Dé-cloi-son-ner, faire émerger un dialogue territorial de qualité, c’est justement le cœur de TransverS’AL, dont le comité de pilotage réunit 40 « partenaires » de l’emploi : préfecture, région, Pôle emploi, syndicats professionnels et de salariés, représentants de la formation professionnelle… « C’est la première fois que nous nous retrouvons, à 40, concentrés sur un objectif commun », note Dominique Muller, présidente du Forthac Alsace. De quoi faire tomber les logiques d’acteurs et initier un diagnostic partagé et intersectoriel sur l’emploi ? C’est l’objectif visé, pour éviter les divergences d’enjeux, de temporalités et lancer des actions articulées mettant en cohérence stratégies de développement économique et des compétences. Rien d’une sinécure. « Les partenaires ne se connaissaient pas assez. Certains se sont sentis en concurrence », note Marie-Odile Lenhardt, directrice du Fongecif Alsace.

« La bonne gouvernance est la clé du succès. C’est elle qui permet de faire émerger un langage commun et de mettre en place des actions partagées », renchérit Dominique Huard. Six mois ont été nécessaires à la MEF, pilote avec l’État et la région, pour obtenir un consensus sur 15 objectifs déclinés en actions : guide présentant dispositifs et acteurs de la formation dans le Sud Alsace, campagne de communication sur la formation destinée aux salariés, syndicats et chefs d’entreprise, avec un numéro vert unique…

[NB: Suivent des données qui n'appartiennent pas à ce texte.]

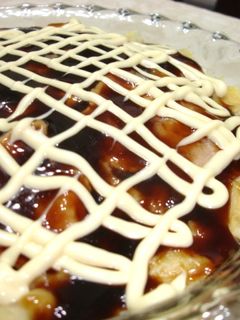 レンジでフワフワ!水を使わないお好み焼き-レシピのメイン写真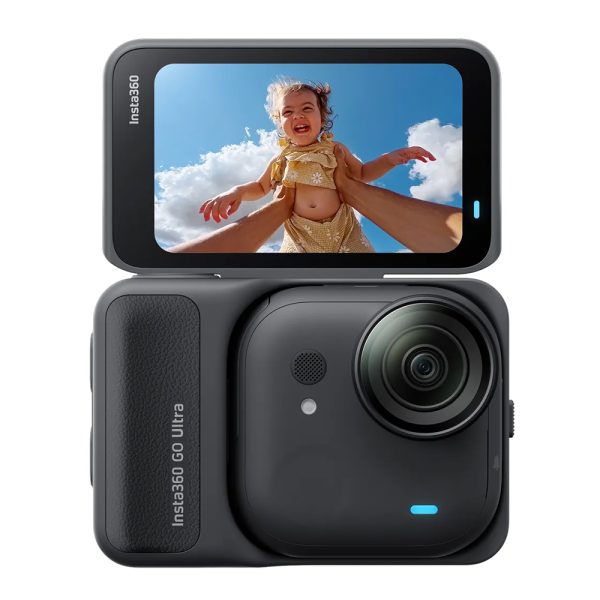 4K/60 fps Portable Action Camera with Quick Release Safety Cord, Magnetic Easy Clip, and Magnet Pendant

Cela a outillé TransverS’AL. Le site monmetierdedemain.com devrait commencer à faire bouger le territoire. Comme l’entrée en vigueur de l’accord, signé fin 2010 entre l’État, Agefos et Opcalia dans le cadre d’un « engagement de développement de l’emploi et des compétences » (Edec) bâti sur la base du diagnostic dégagé ! « Il permettra une allocation plus articulée des ressources », espère Philippe Maitreau, qui y voit une illustration de la complémentarité de l’action de l’État et du territoire. « Pôle emploi travaille sur le stock de demandeurs d’emploi ; TransverS’AL envisage le marché du travail par les mouvements. Or c’est la mise en œuvre des mobilités professionnelles qui permettra au stock de ne pas augmenter. » L’État l’a compris, qui veut étendre TransverS’AL à toute l’Alsace.